Source records |
========================================================================

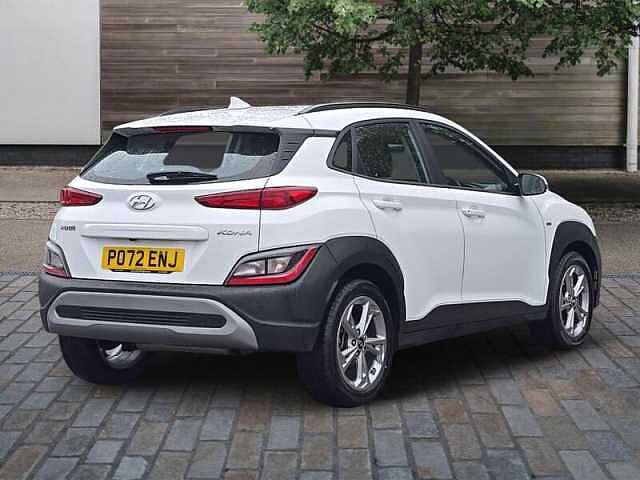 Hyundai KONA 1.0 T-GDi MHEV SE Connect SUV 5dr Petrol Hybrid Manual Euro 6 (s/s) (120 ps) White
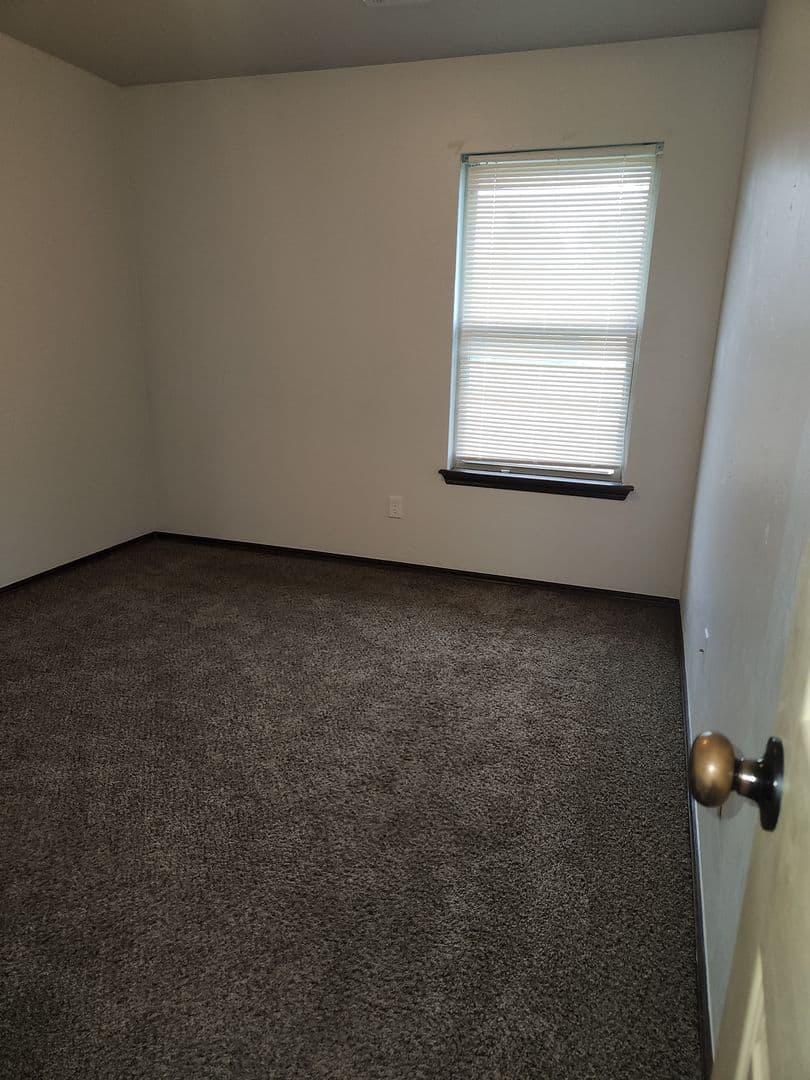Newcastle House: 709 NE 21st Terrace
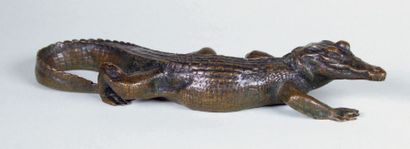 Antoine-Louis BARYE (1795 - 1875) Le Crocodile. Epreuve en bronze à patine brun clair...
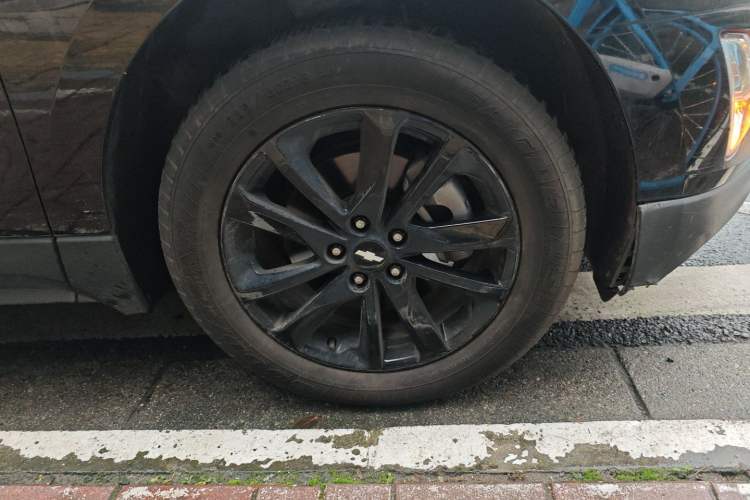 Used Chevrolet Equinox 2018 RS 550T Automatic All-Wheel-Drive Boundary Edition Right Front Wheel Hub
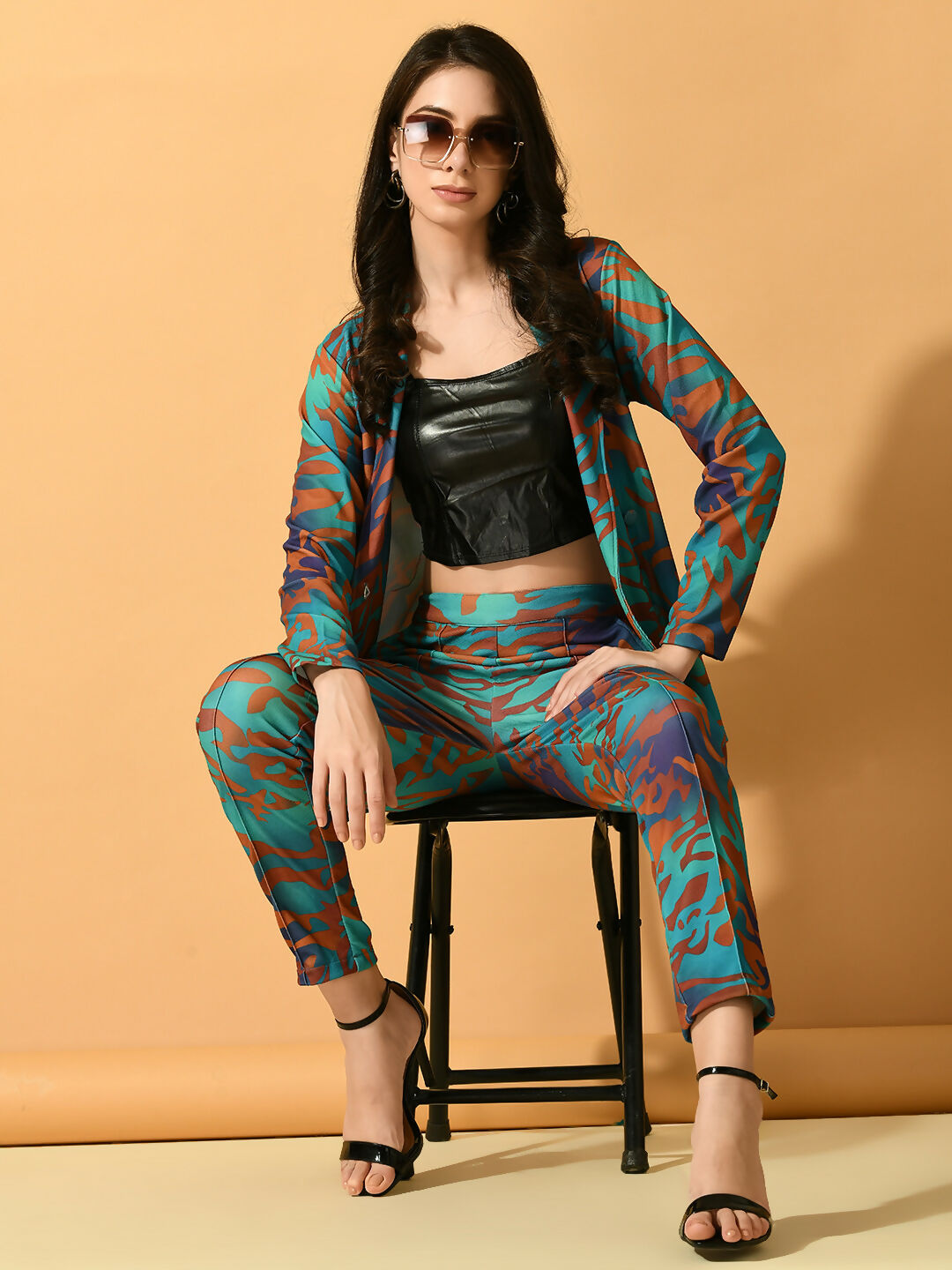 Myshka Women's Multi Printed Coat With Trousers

========================================================================

What you have to do | In the listing above, retype exactly, and only, the lines from the one containing "Newcastle House: 709 NE 21st Terrace" through the last line, both included. Omit the pictures.

Answer to the exercise |
Newcastle House: 709 NE 21st Terrace
 Antoine-Louis BARYE (1795 - 1875) Le Crocodile. Epreuve en bronze à patine brun clair...
 Used Chevrolet Equinox 2018 RS 550T Automatic All-Wheel-Drive Boundary Edition Right Front Wheel Hub
 Myshka Women's Multi Printed Coat With Trousers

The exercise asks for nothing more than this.